The company, which officially launched this week at the DEMO 08 conference in Palm Desert, Calif., said that companies like Yahoo Inc., Google Inc. and Barracuda Networks Inc. have signed up to use the online service, which is free to job seekers.
Job candidates sign up for the service, create a profile and calculate their interview price (usually between $300 to $600) based on their skills and experience. Prospective employers can search the profiles and make offers to the candidates. If the candidate accepts and goes on the interview, the site collects the interview fee and transfers it to the candidate.
The site allows users to import their LinkedIn profile to use as the NotchUp profile and then to hide their name and contact details until a prospective employer agrees to schedule an interview. Users can permanently hide their profile from their current employer.

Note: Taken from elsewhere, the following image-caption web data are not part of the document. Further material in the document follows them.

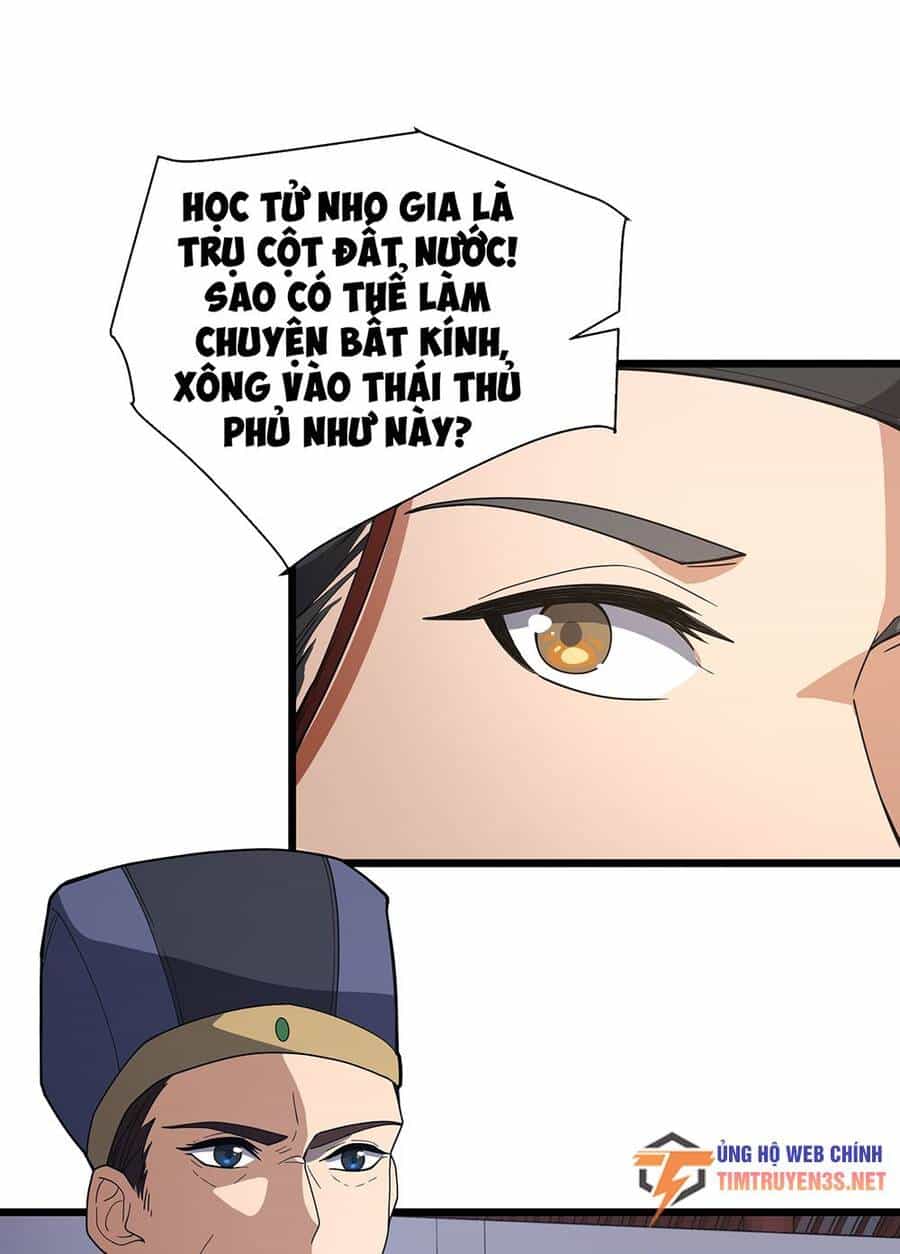 Liêu Trai Không Thể Nào Xinh Đẹp Như Vậy - Chương 6 - ảnh 47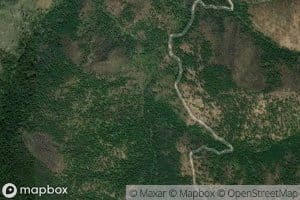 Lost Elk Creek
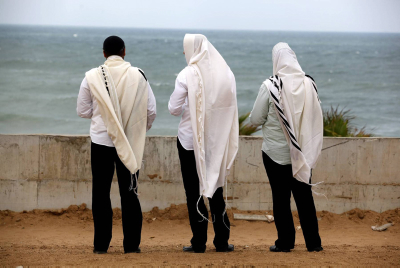 הדרת דתיים מהכינוס השנתי של לשכת עורכי הדין
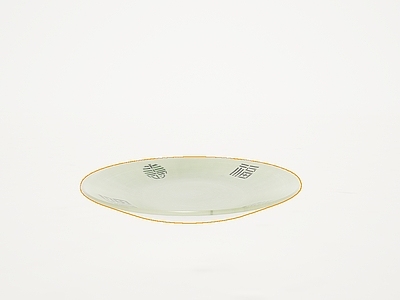 现代厨具 福寿禄瓷器碗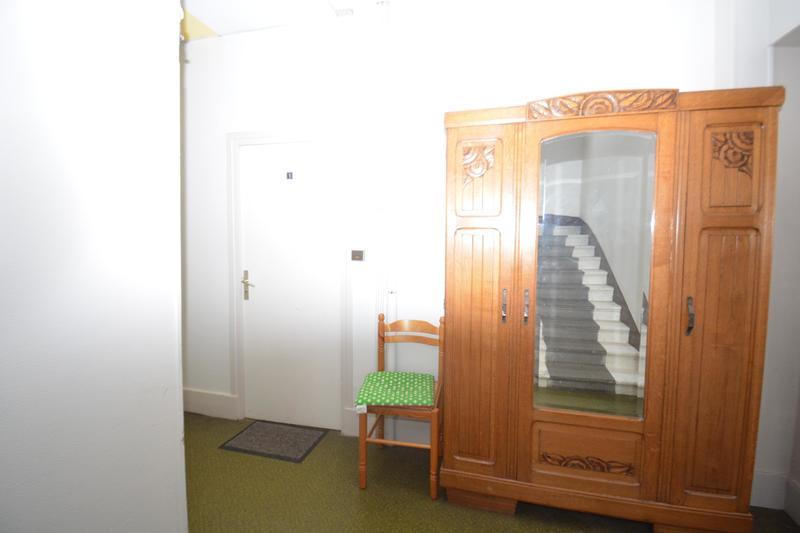 Appartement - 31 m² - 2 pièces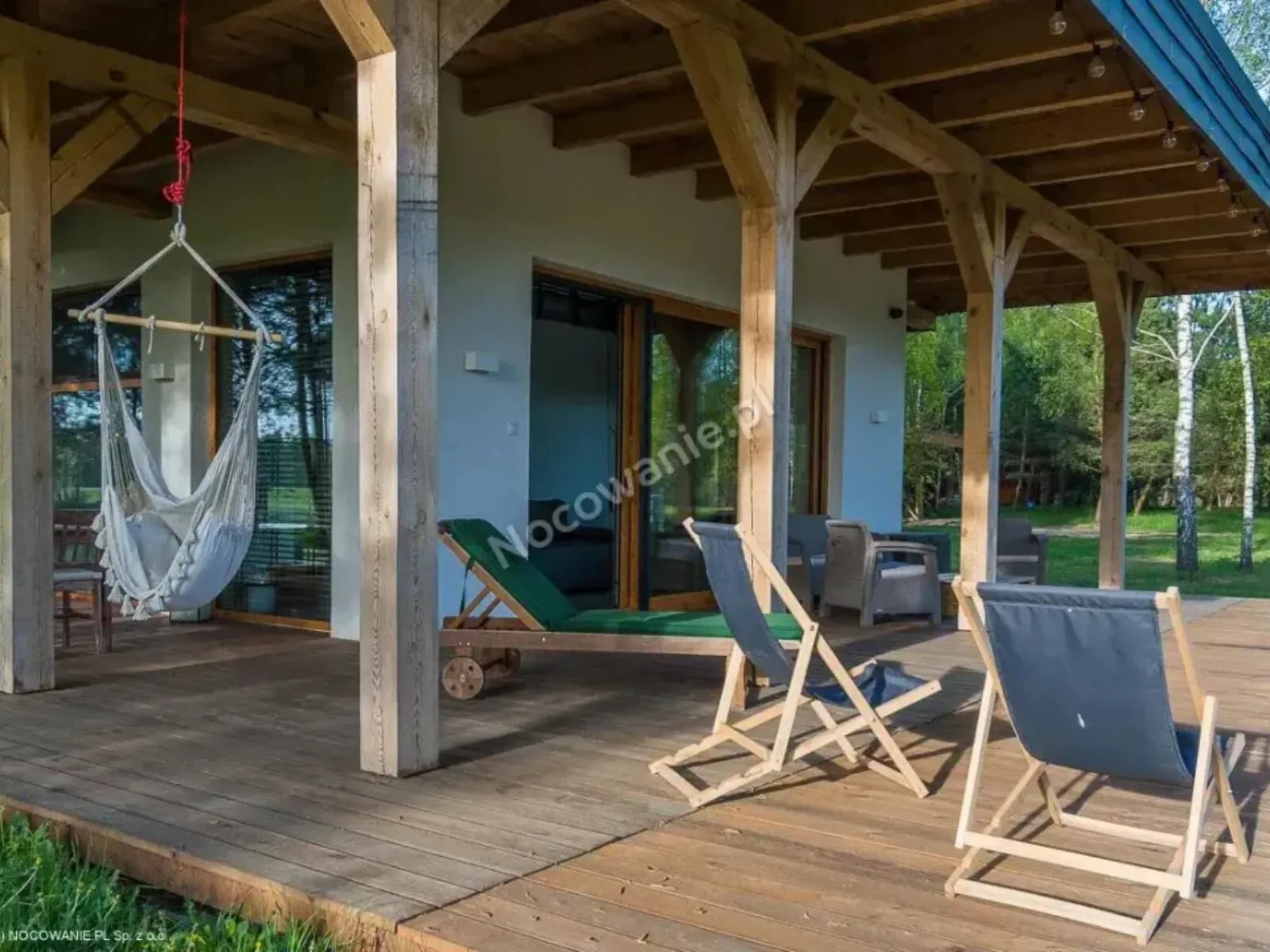 Domek Meta Makruty – Olsztyn, Polonia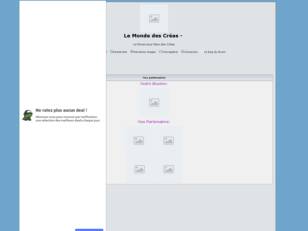 Le Monde des Creas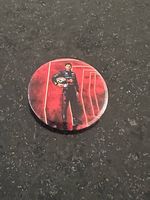 Button Pin Max Verstappen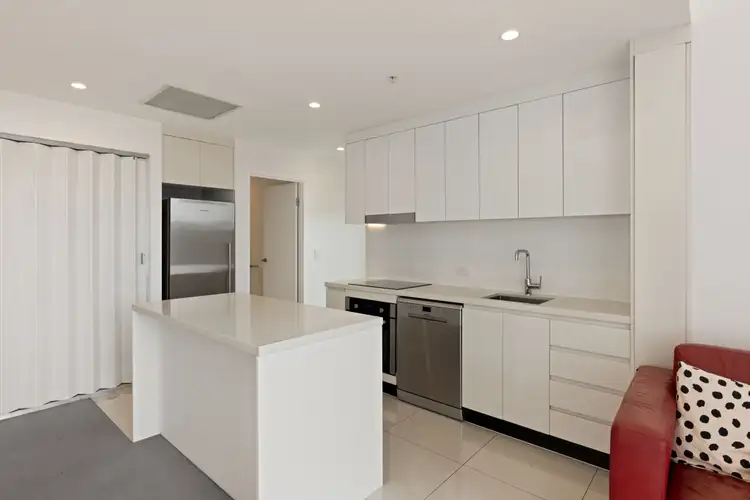 Fifth view of Homely apartment listing, 1211/38 High Street, Toowong QLD 4066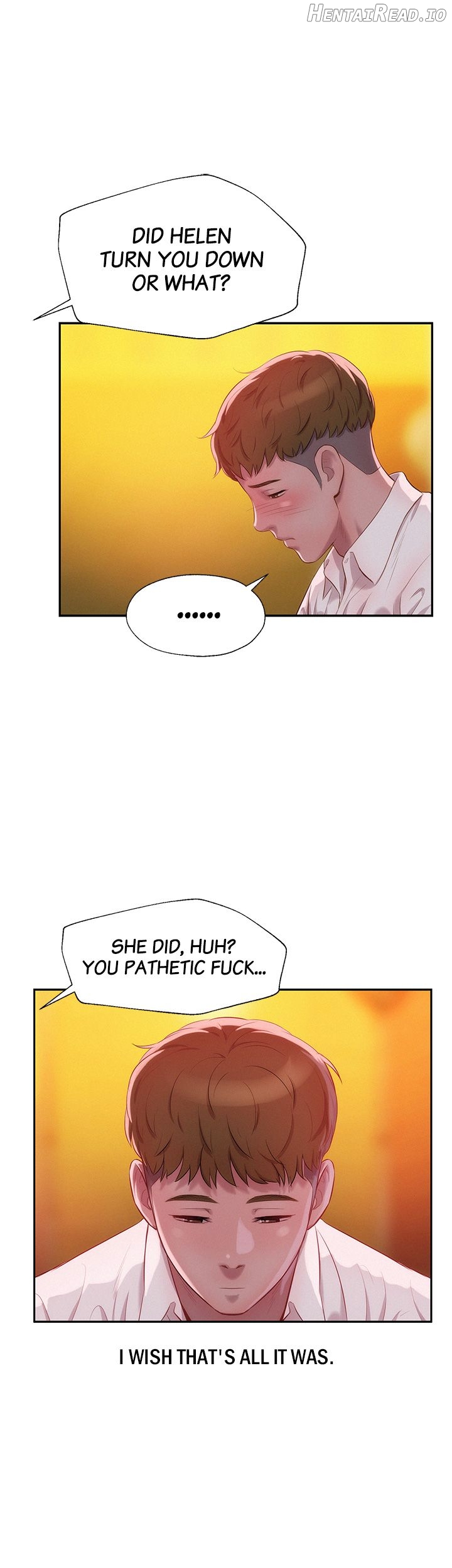 Freshman - Manhwa Chapter 33 - page 16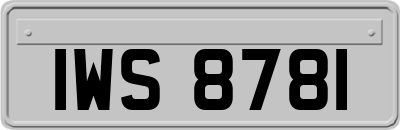 IWS8781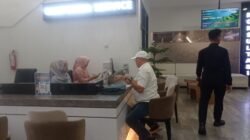 Roya di BPN Kota Bekasi Capai Satu Bulan, Warga Keluhkan Lamanya Proses Alih Media Sertifikat Elektronik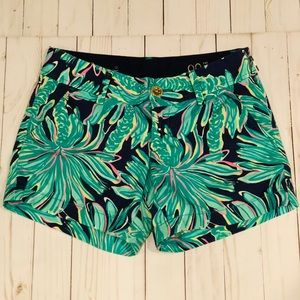 Lilly Pulitzer Callahan Shorts
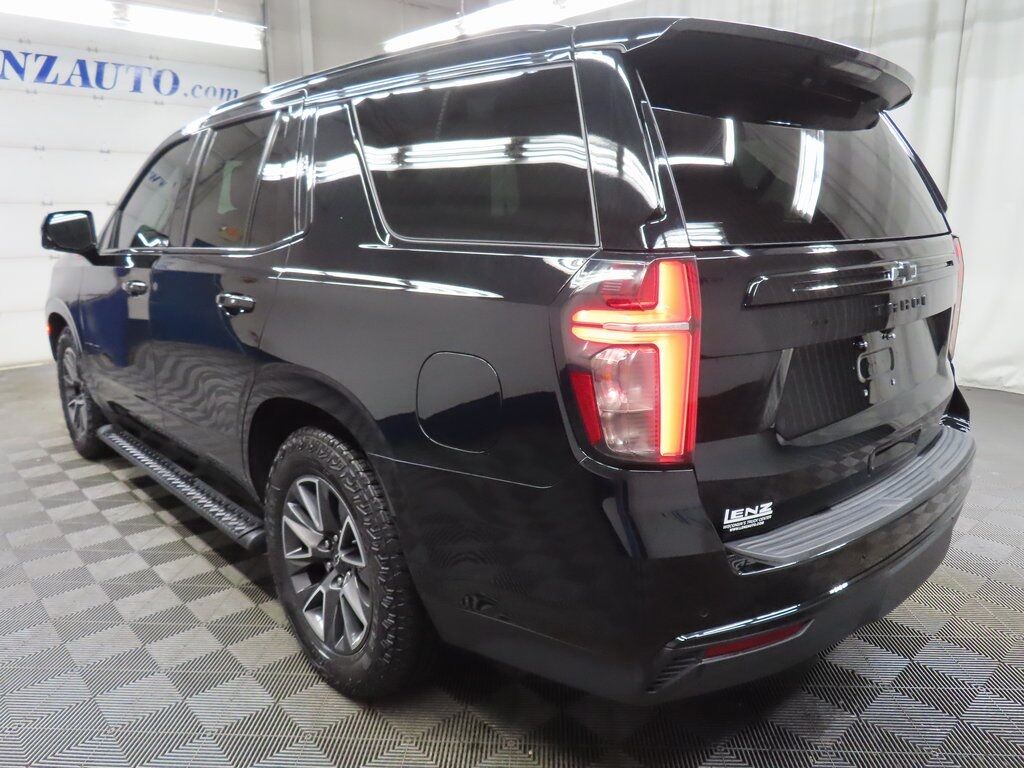 2024 Chevrolet Tahoe Z71 4WD 7 Passenger Fond du Lac WI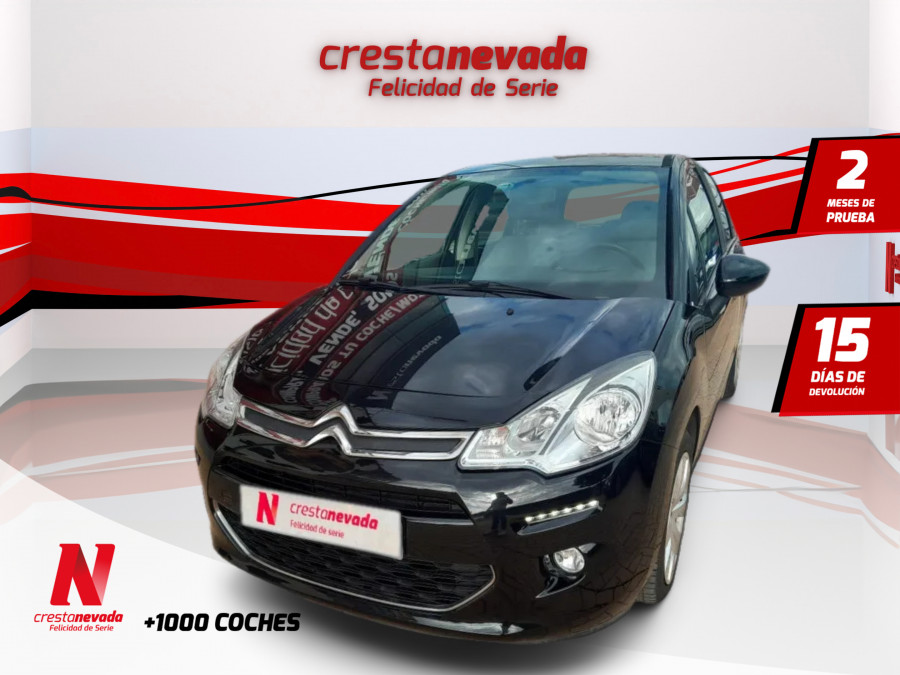 Imagen de CITROEN C3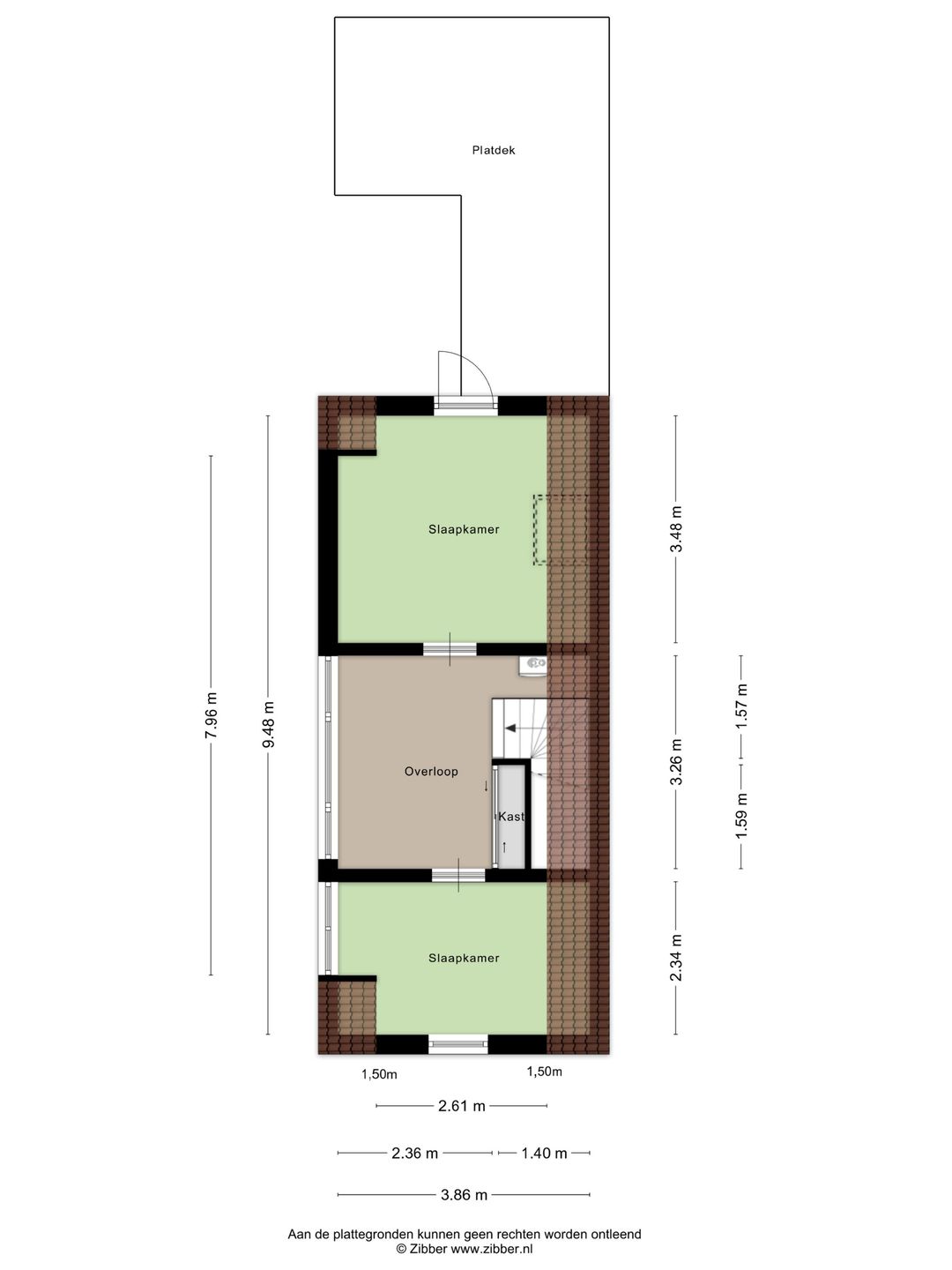 Foto 37 van Oranjestraat 11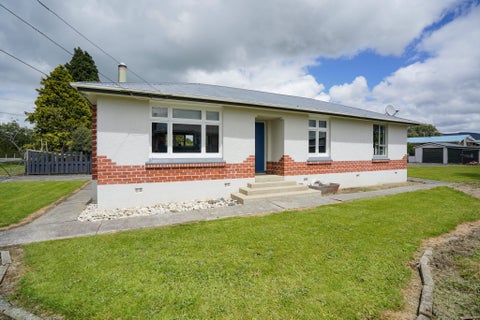 51 Rye Street, Otautau, Otautau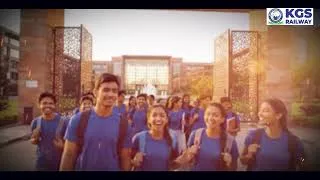 Thumbnail: Railway Foundation Batch 2026 🚆 | Start Your Preparation Now! 🔥| KGS Railway Exams
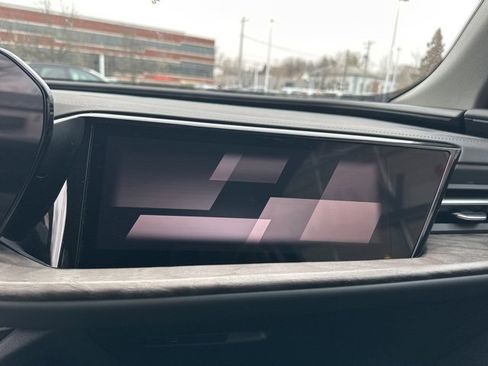 New 2025 Audi Q5 Prestige image 35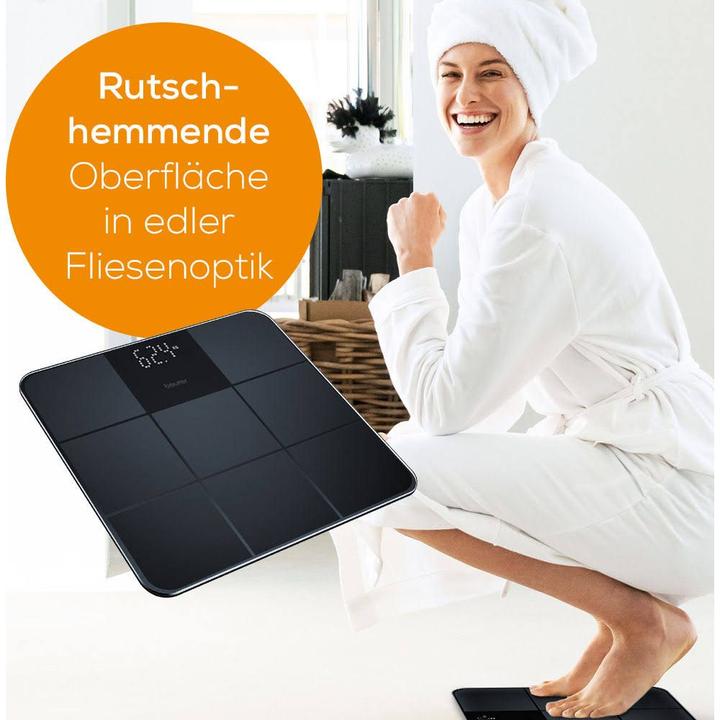 Actual product image Beurer Gs 235 (180 kg)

According to the NotchUp Web site, an average recruiter charges up to 20% of a candidate's first year salary. NotchUp, on the other hand, charges an average of $500 per interview. At that price, a company could interview 10 people for a job with a $100,000 a year salary using NotchUp and still save 75% compared to using a recruiter.
Companies get their money back and the candidate is not paid if the candidate doesn't show up or arrives late for the interview, fails to take the interview seriously or has lied on his profile.
"NotchUp will force companies and candidates to rethink how they find their next opportunity," said Jim Ambras, NotchUp CEO and co-founder, in a statement. "The Holy Grail for professional talent search is to identify the happy employee who is open to new opportunities, and the candidate who is seeking a specific professional challenge. NotchUp provides the missing link in this discovery process."
Erick Schonfeld, a blogger at TechCrunch, noted that the problem with most job sites today is the best prospective candidates typically post their resumes on recruitment sites because they are happy in their positions.
"If you are a star manager, chances are your employer knows it and is treating you well so that you don't even think about leaving," he noted. "NotchUp tries to lure talented but complacent workers and managers into its recruitment pool by turning the job search on its head. Instead of desperate out-of-work employees going hat-in-hand to companies begging for a job interview, on NotchUp, the companies have to pay to interview you. This is supposed to bring out those passive job seekers every company really wants to find."
In addition, setting a price for a job interview uses economic incentives to bring a better inventory of talent into the market, he added.
"If a company is willing to pay you a few hundred or even a thousand bucks just to interview you, chances are they are pretty serious and it is not going to be a waste of time. It acts as a filter for both the employer and the prospective employee. Even if you don't get the job, you get paid for your time."